- **SOURCE DATA**
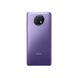 Xiaomi Redmi Note 9T 4/64GB Daybreak Purple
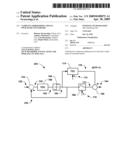 SAMPLING ERROR REDUCTION IN PWM-MASH CONVERTERS diagram and image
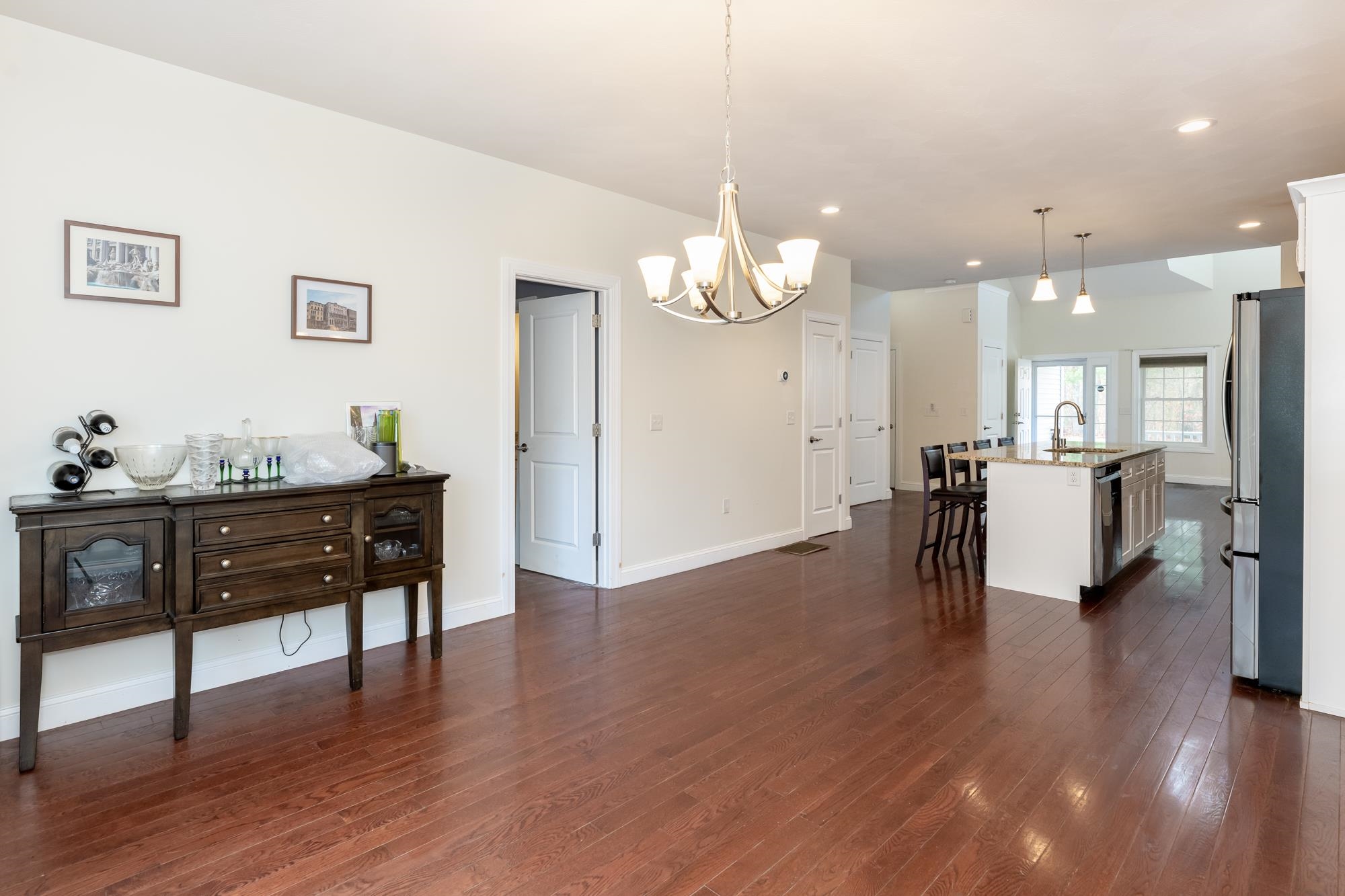 78 Trail Haven Drive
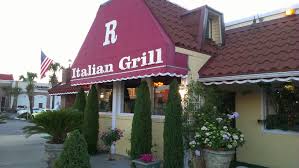 Maybe you would like to learn more about one of these? Ramando S Italian Restaurant Restaurants Myrtlebeach Com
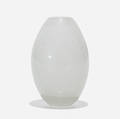Carlo Scarpa   A Bollicine vase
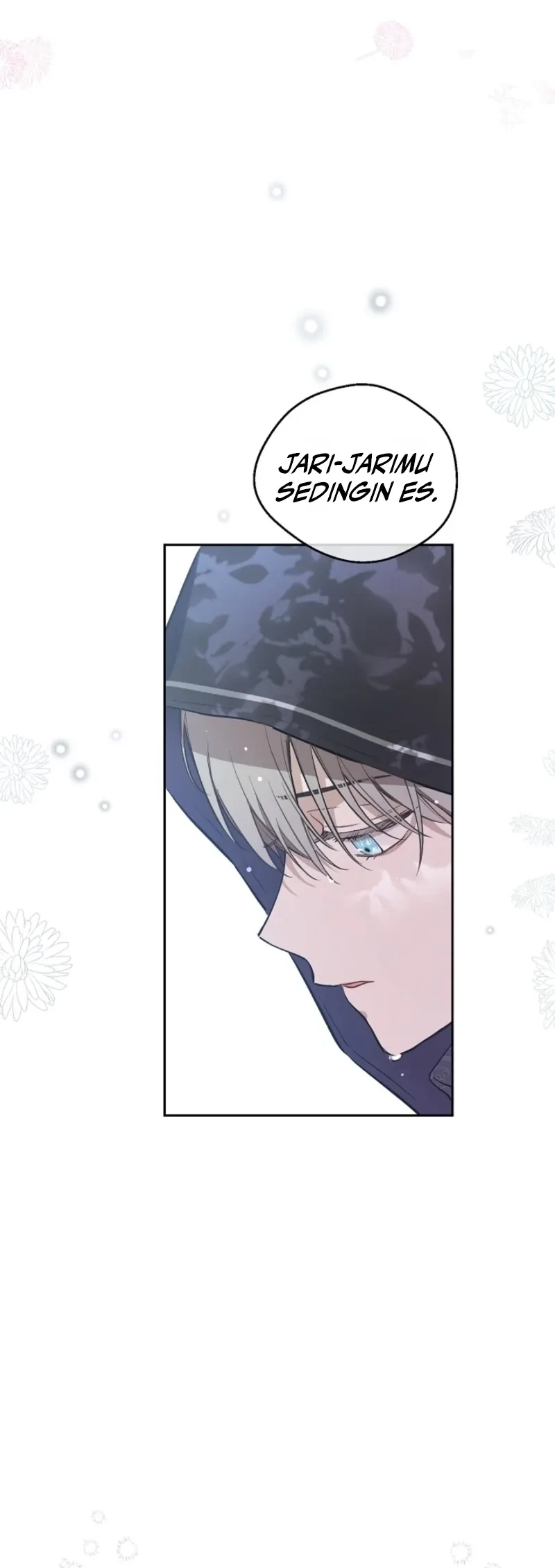 Villains Are Destined to Die Chapter 82 - halaman 17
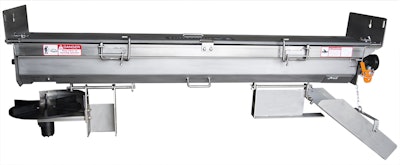 SaltDogg-tailgate-spreader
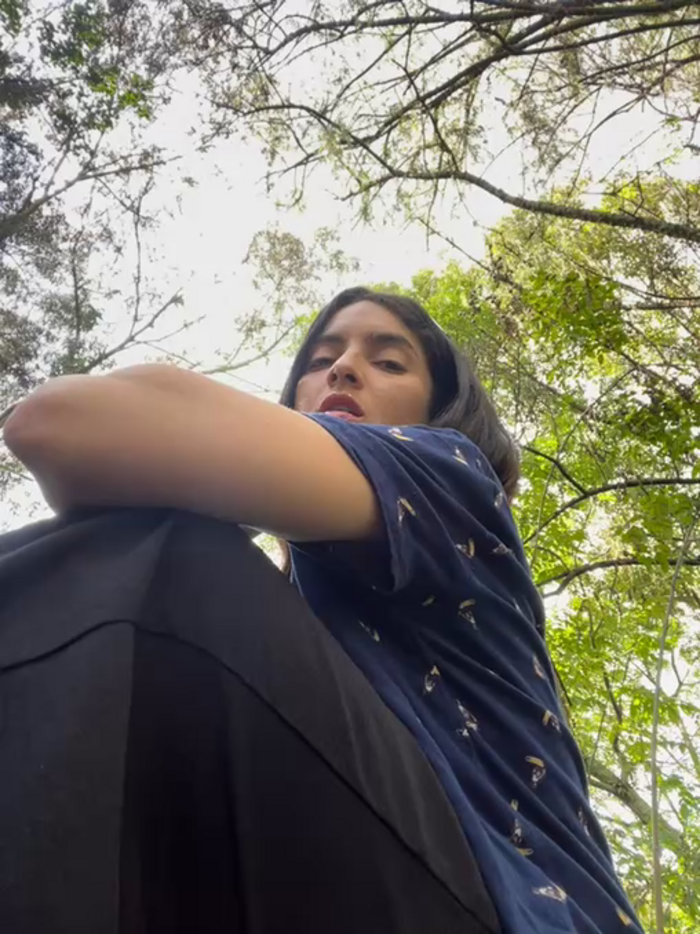 Sam_Sara
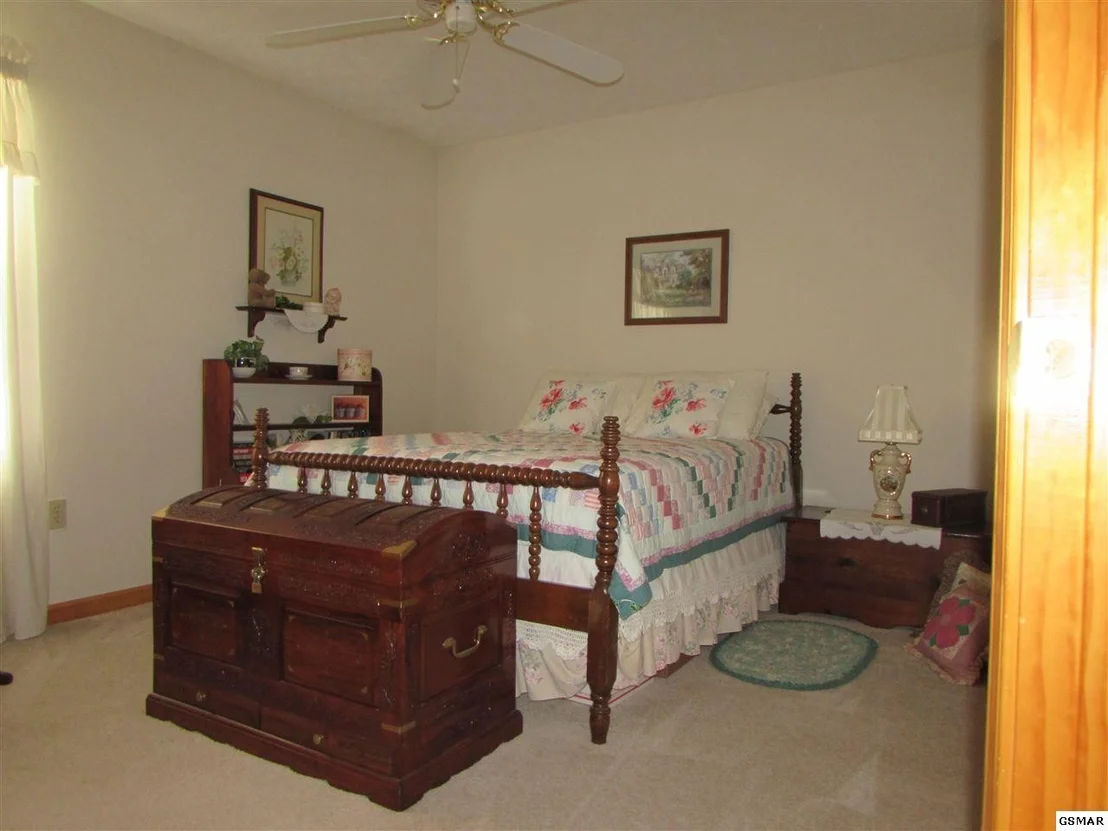 Photo of 8121 W Pointe Drive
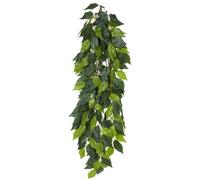 Hagen Exo Terra Silk Fiscus Plant Large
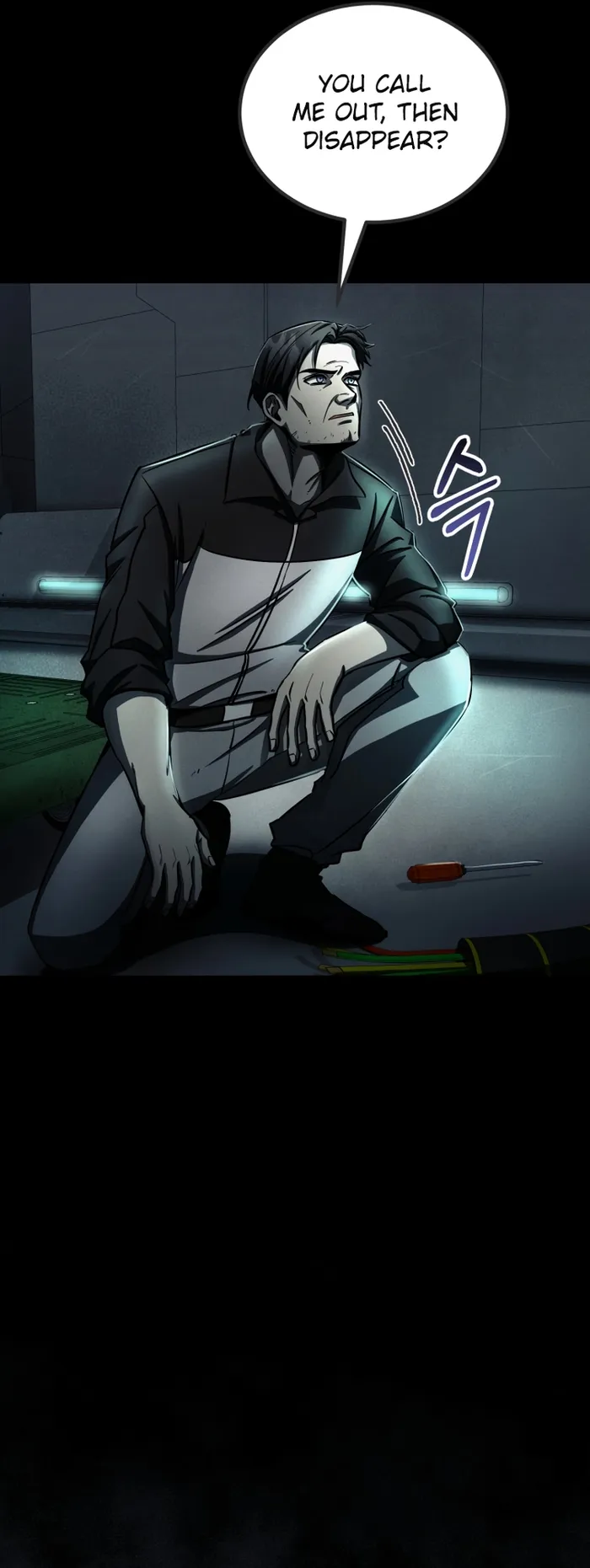 Page 43 of Chapter 20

- **EXERCISE REQUIREMENTS**
Working from the records above, reproduce exactly the lines from the one with "SaltDogg-tailgate-spreader" through the last line, without the pictures.

- **RESPONSE AREA**
 SaltDogg-tailgate-spreader
 Sam_Sara
 Photo of 8121 W Pointe Drive
 Hagen Exo Terra Silk Fiscus Plant Large
 Page 43 of Chapter 20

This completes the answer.